=== TASK ===
From the first line of the entries below through the line bearing "Raw salmon with", write out each line exactly. Omit pictures.

=== DATA FOR THIS TASK ===
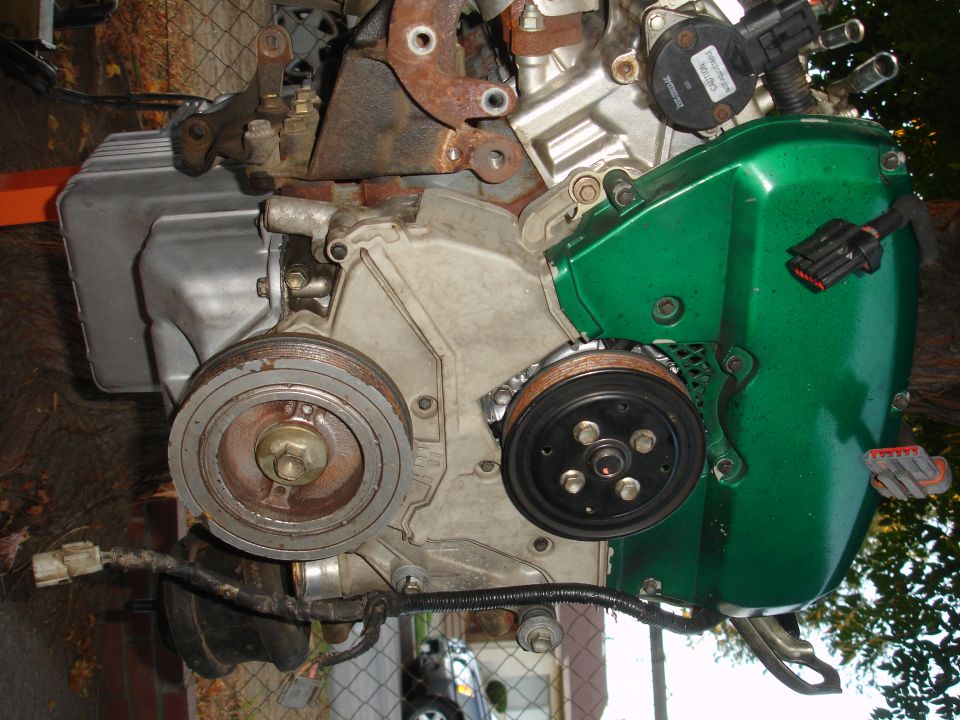 Green engine cover with pulleys and sensors
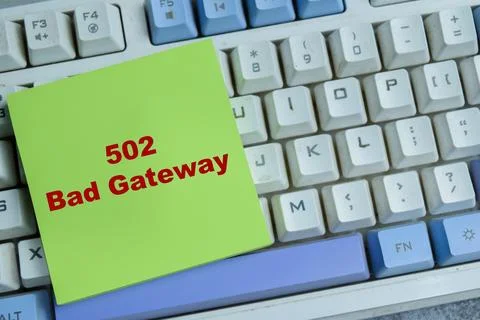 Concept of 502 bad gateway write on sticky notes isolated on Wooden Table. Stock Photos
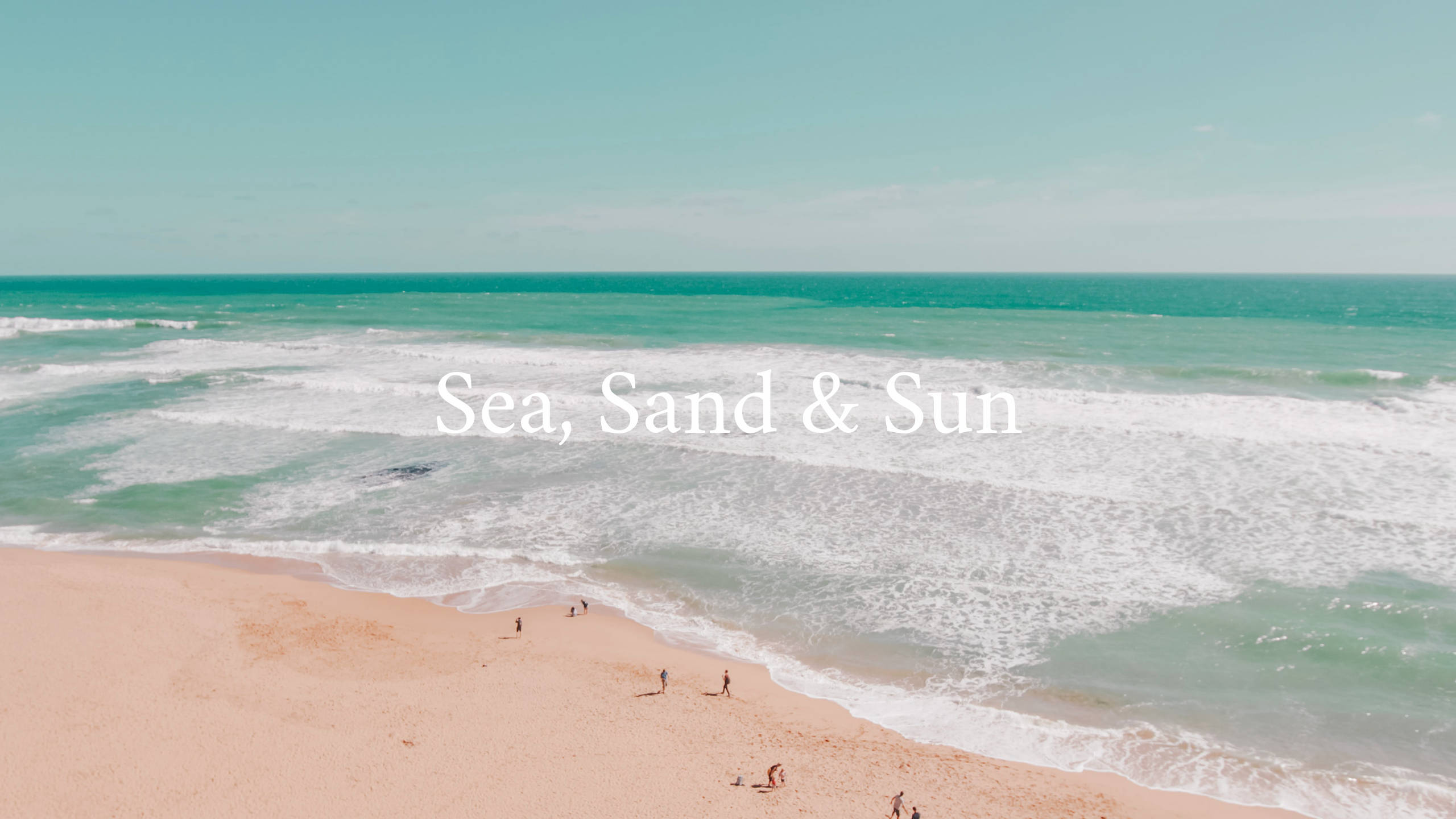 海灘 桌布 壁紙 — 從高空俯瞰，碧綠的海浪拍打著金色的沙灘，沙灘上散落著遊客，天空晴朗。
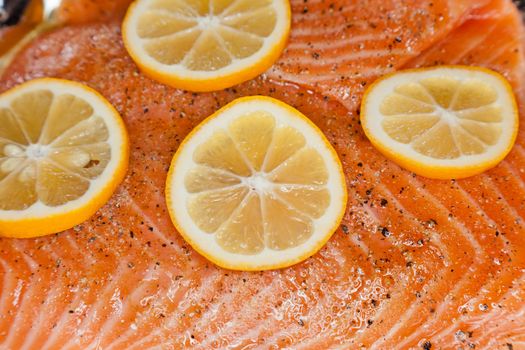 Raw salmon with orange slices in the baking pan ready for cooking.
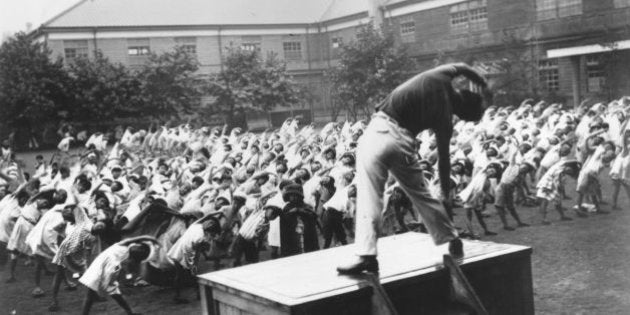 circa 1950: Radio Gymnastica conducts mass gymnastic drills throughout Tokyo primary schools during the Summer vacation. (Photo by Keystone/Getty Images)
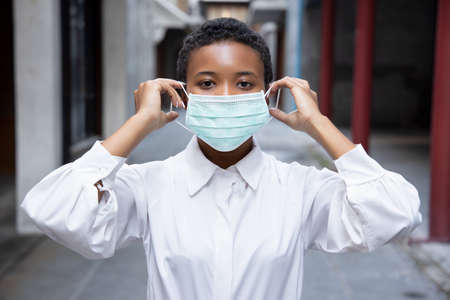 Muslim woman suggesting to wear face mask in outdoor public; concept of new normal lifestyle, social distancing, flatten the curve, preventive measure against flu pandemicの写真素材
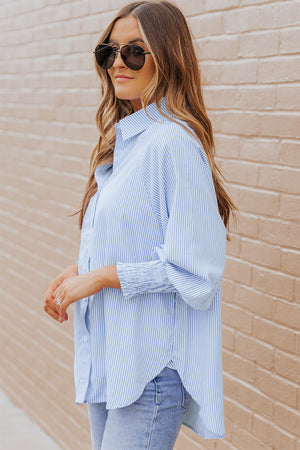 Pastel blue pinstripe blouse with balloon sleeves and ruched cuffs, worn casually.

=== RESULT FOR THIS TASK ===
 Green engine cover with pulleys and sensors
 Concept of 502 bad gateway write on sticky notes isolated on Wooden Table. Stock Photos
 海灘 桌布 壁紙 — 從高空俯瞰，碧綠的海浪拍打著金色的沙灘，沙灘上散落著遊客，天空晴朗。
 Raw salmon with orange slices in the baking pan ready for cooking.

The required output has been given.